Formal application for rectification required, confirms court
In Colgate-Palmolive Company v SmithKline Beecham plc (Case 24704/03, June 17 2004), the High Court has confirmed that where the registrar of trademarks erroneously issues a certificate of registration for a trademark in respect of which the opposition period is still open, interested parties should formally apply to correct the error on the register pursuant to Section 24(1) of the South African Trademarks Act.
The ruling is one of a string of recent cases that seem to suggest that the Trademarks Registry and the courts are moving towards a more formal approach to this issue. In the past, a practice arose whereby, in such circumstances, the attorney representing the trademark proprietor would return the incorrectly issued registration certificate to the Trademarks Registry, pointing out that the mark was under opposition. The registrar would then simply correct his records and the normal opposition procedure would continue.
In the case of Home Hyper City (Pty) Limited v Homemark (Pty) Limited (Case 96/11946), it was held (per Judge McCreath, sitting as registrar of trademarks) that the act of the registrar in issuing a certificate of registration can only be set aside on review or appeal. The registration certificate is not a nullity, even if the registrar was not competent to register the trademark at that time. The opponent's remedy is to apply for rectification of the register. McCreath held that the registrar may not simply remove the trademark from the register.
The view that the registrar cannot simply remove or delete an entry in the register in an informal manner was confirmed in a further matter heard before the registrar in January 2004 (Neville Dorrington v Hugo Boss AG (Case 90/2254-5)).
The High Court has now commented on this issue in the Colgate-Palmolive Case. In that matter, SmithKline Beecham plc's (SKB) registration certificate in respect of its MACLEANS TOTAL CLEAN trademark was issued, despite the fact that the opposition term had been extended by agreement between it and Colgate-Palmolive Company. SKB's attorneys contended that the certificate had not been issued in error and refused to return it. SKB furthermore alleged that Colgate was not entitled to move for rectification of the register under Section 24(1) of the Trademarks Act, which allows any interested person to apply to court or to the registrar to correct any error or defect in any entry in the register. SKB alleged that, in issuing the registration certificate, the registrar had not committed an "error" but had performed a pure, mechanical function. Colgate, it contended, ought therefore to have applied for expungement of the mark on one of the grounds provided for in the Trademarks Act.

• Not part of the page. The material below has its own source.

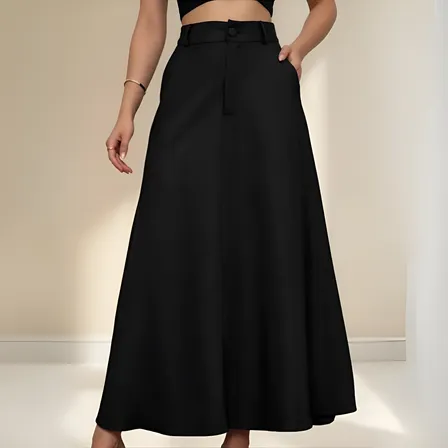 Saia Alfaiataria Longa Cintura Alta Cores Tendência Luxo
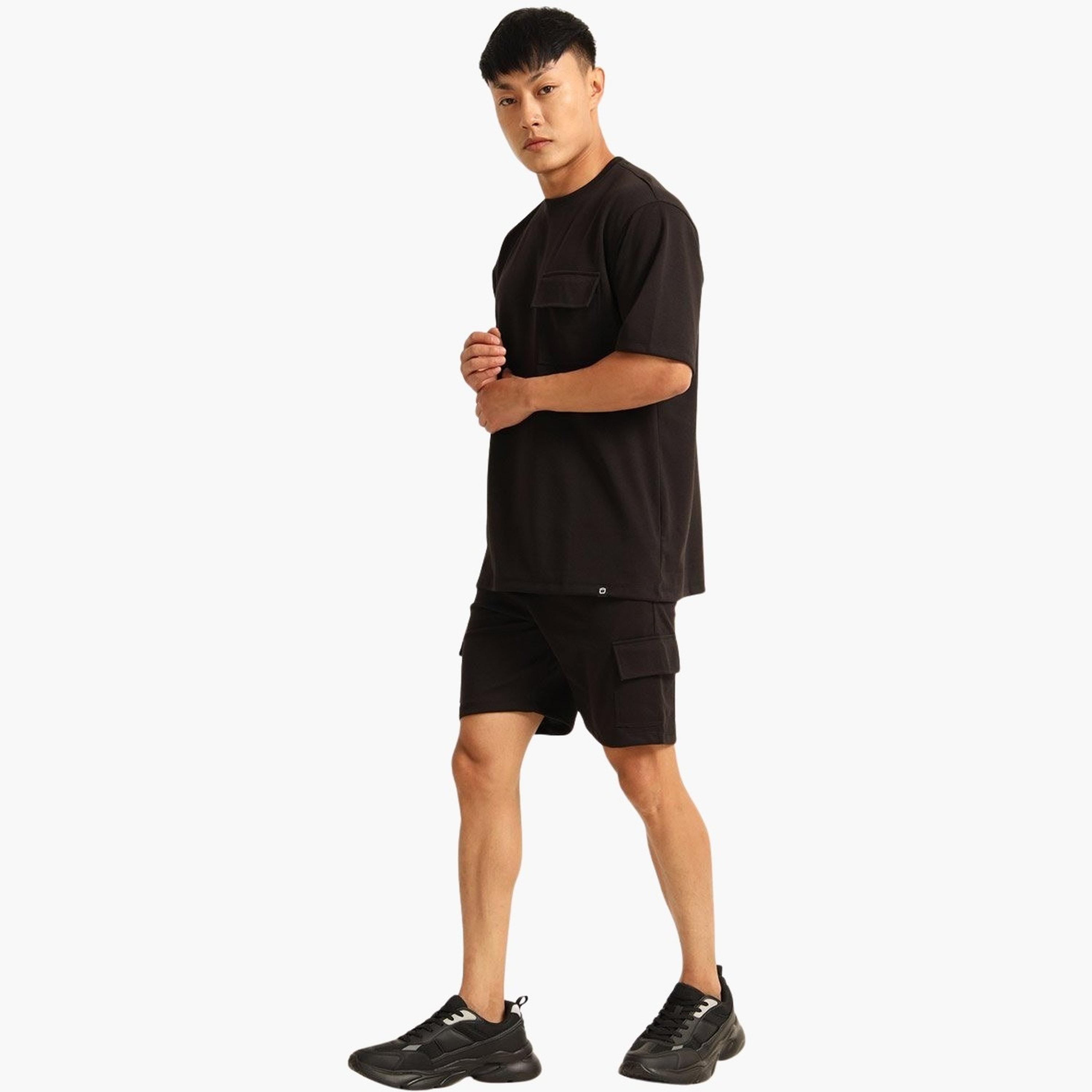 بوشيرت × ستايلي- طقم تي شيرت وشورت للرجال بأكتاف منسدلة مقاس كبير-men-clothing-coordsets-image-3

The High Court held that the registration certificate had been wrongly issued and that Colgate had been correct to apply to court under Section 24(1). The certificate was declared void and the registrar of trademarks was ordered to amend the entry wrongly made on the register and to categorize the trademark as being pending. The court also punitively awarded costs against SKB on the attorney-and-own-client scale as a result of, among other things, its refusal to accede to Colgate's request that it return the registration certificate, despite knowing that the registration had been wrongly granted. The court pointed out that SKB could have itself applied to the registrar pursuant to Section 24 and avoided the costs of the application.
Accordingly, where a certificate is wrongly issued and sent to the proprietor or its agent, the prudent course of action would be for the agent to apply formally to the registrar in terms of Section 24, with the request that he correct the error in the register.